# Typists/data entry



## Pringles (16 Aug 2006)

I am looking for some extra income to help clear some outstanding bills but as I already work full time and my job involves me travelling to the UK for a day or 2 from time to time I really need some which is not 6-10 mon - fri. 

Would there be much need for home typists/data entry work as it's something I have a lot of experience in and would be easy to do while away from home.

Thanks


----------



## carmody (16 Aug 2006)

Hiya,

I was only thinking about trying to do the same thing myself as it would be a good way to make extra cash.  I googled it but only found one place that may offer such work.  Check out  

Hope this helps,

Carmody


----------



## ciara_gmail (18 Aug 2006)

Checked out the above website and registered my details for audio typing.

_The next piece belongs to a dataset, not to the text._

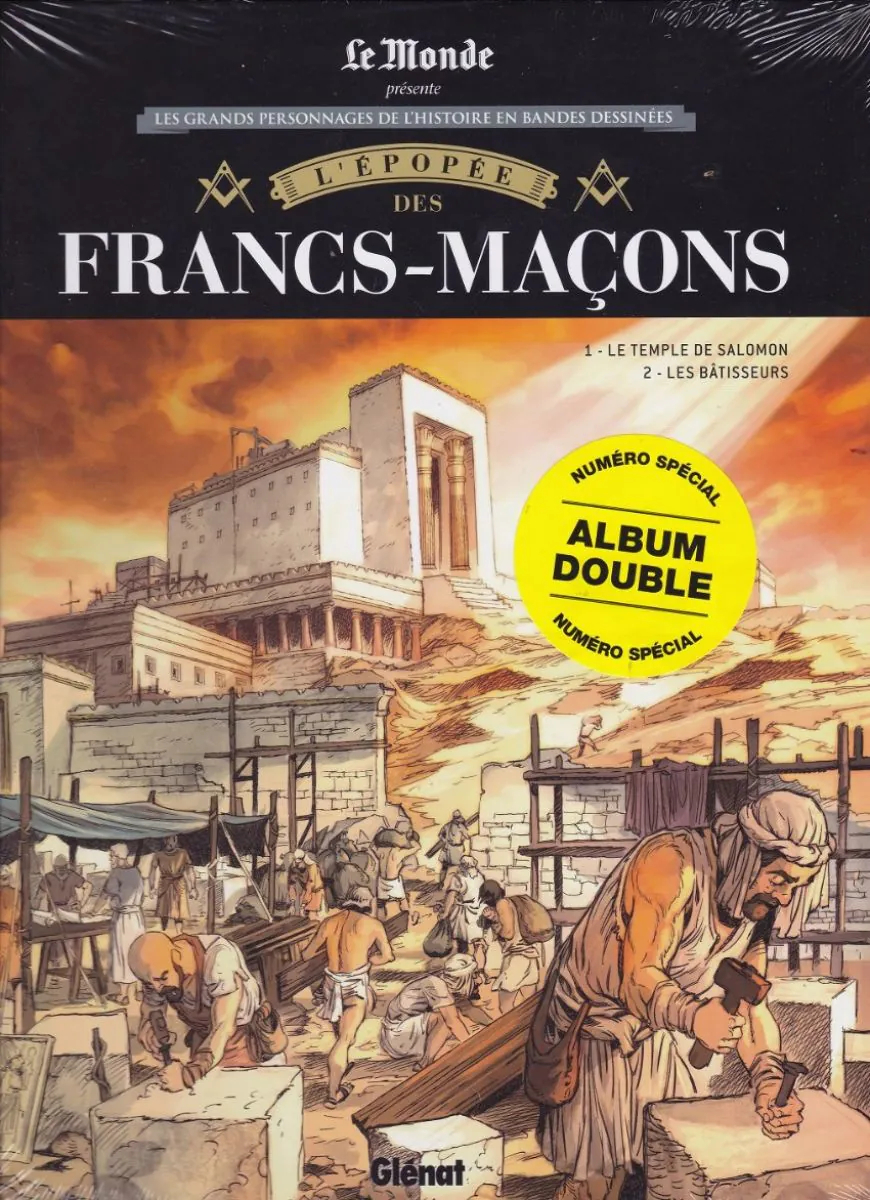 L'épopée de la franc-maçonnerie - tome 1 - L'épopée des francs-maçons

Has anyone been successful in hearing back from this company in relation to work? What kind of rates do they pay?


----------



## Pringles (12 Sep 2006)

Hi Ciara

Was wondering if you heard anything back from ubiqus about the audio typing. What standards they require for the audio typing?

Thanks


----------



## pernickety (12 Sep 2006)

i know someone who worked for them for a very short while. although she agreed rates in advance, she severely underestimated the amount of time it would take to do each assignment and ended up earning very little per hour.


----------



## carmody (15 Sep 2006)

Hey,

I actaully got a reply from Ubiqus about a month after I had emailed them.. They told me that as I worked full time they wouldnt take me on as the work load is huge!!!

So no luck with them!

Carmody.


----------



## lmd (17 Sep 2006)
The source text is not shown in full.